With this in mind, Dubai's Crown Prince and United Arab Emirates Defence Minister General Sheikh Mohammed bin Rashid Al Maktoum announced that Dubai would be the world's first free-trade zone, enabling e-business related enterprises to operate globally from there.
Dubai Internet City will offer companies 100 per cent foreign ownership, tax exemptions for corporate and personal income, land on a renewable 50-year lease, and a single window for all government clearances. It also proposes to be home to the world's first Internet University, which will offer quality courses in e-business, e-finance, e-marketing, e-management and so on.
Sheikh Mohammed, while announcing his ambitious plans, also said the city will have an R&D centre for new technology initiatives and a state-of-the-art Science and Technology Park that will support all residential e-enterprises and permanent exhibition and display facilities.
Outlining his plans, Dubai's crown prince said: "Tomorrow's world will be driven by the Internet. It will be driven by innovative ideas and Dubai will be a significant global player in the 'dot-com' world."
"In the past, we have proved to the world that we can dream ideas and deliver reality. Here is another opportunity for Dubai to take a winning position in the burgeoning Internet world."
Incidentally, Sheikh Mohammed has drawn ideas from India for his project, and has confessed as much. He said visits have been made to Bangalore, India's IT capital.
"We know where they are and we'll try and bring them here."
While Sheikh Mohammed, did not mention another important cybercity in India, namely Hyderabad, and Chief Minister of Andhra Pradesh Nara Chandrababu Naidu, the influence can be inferred. Naidu too had recently open a Science and Technology Park, following on his Hi-Tech City where big IT players like Microsoft have already arrived.
Sheikh Mohammed also said that Dubai Internet City will be able to draw from the pool of specialists from India and Egypt, another major software development centre.
He also issued an open invitation to IT majors: "I would like to invite global Internet-focussed companies like IBM, Microsoft, Oracle, Sun, Cisco, Yahoo and more to consider setting up not just regional offices, but global software development centres at Dubai Internet City.
"I would also like to invite global e-commerce okayers like amazon.com, e.bay, e.toys, Dell, and so on, to consider having warehousing and distribution hubs to service their customers from the Middle East to the Subcontinent and from Africa to the CIS.

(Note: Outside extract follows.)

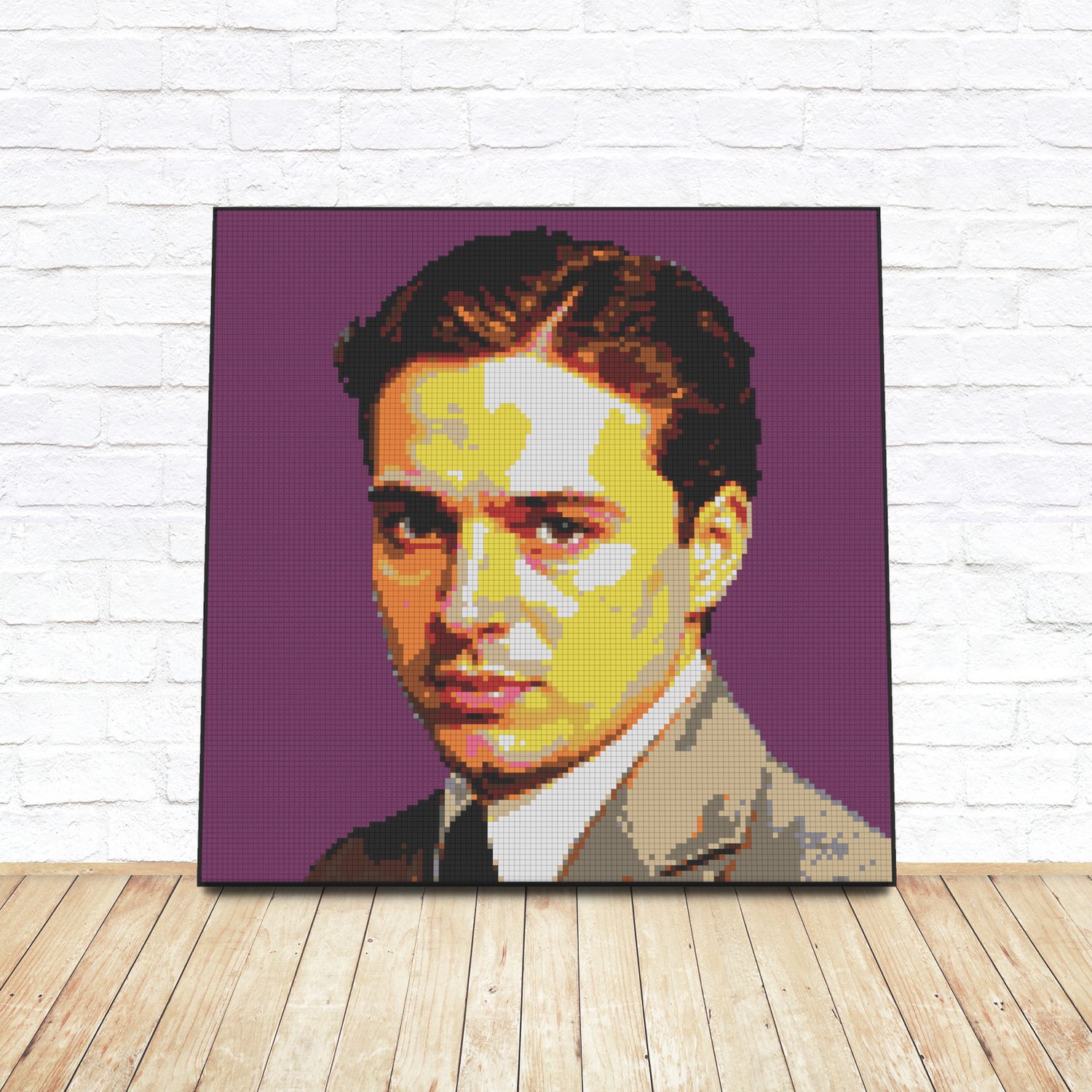 Framed LEGO tile pop-art portrait of Charlie Chaplin leaning against a white brick wall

Dubai was the business hub for over two billion consumers in this region, he pointed out, adding that it could offer them the ideal environment and provide a competitive advantage at a fraction of the cost incurred in places like Silicon Valley.
Soon after the announcement, Sheikh Mohammed started receiving top officials of IT firms like Intel and IBM. Michael Lorbie, manager of IBM's operation in Europe, Middle East and Africa, was quick to praise the effort.
Lorbie, and another delegation from Intel, also met Sheikh Mohammed at the sidelines of GITEX '99, the annual computer software and hardware exhibition at the World Trade Center.
Later, Intel said it had decided to make Dubai as a base of its regional operations.
A prelude, perhaps, to greater things...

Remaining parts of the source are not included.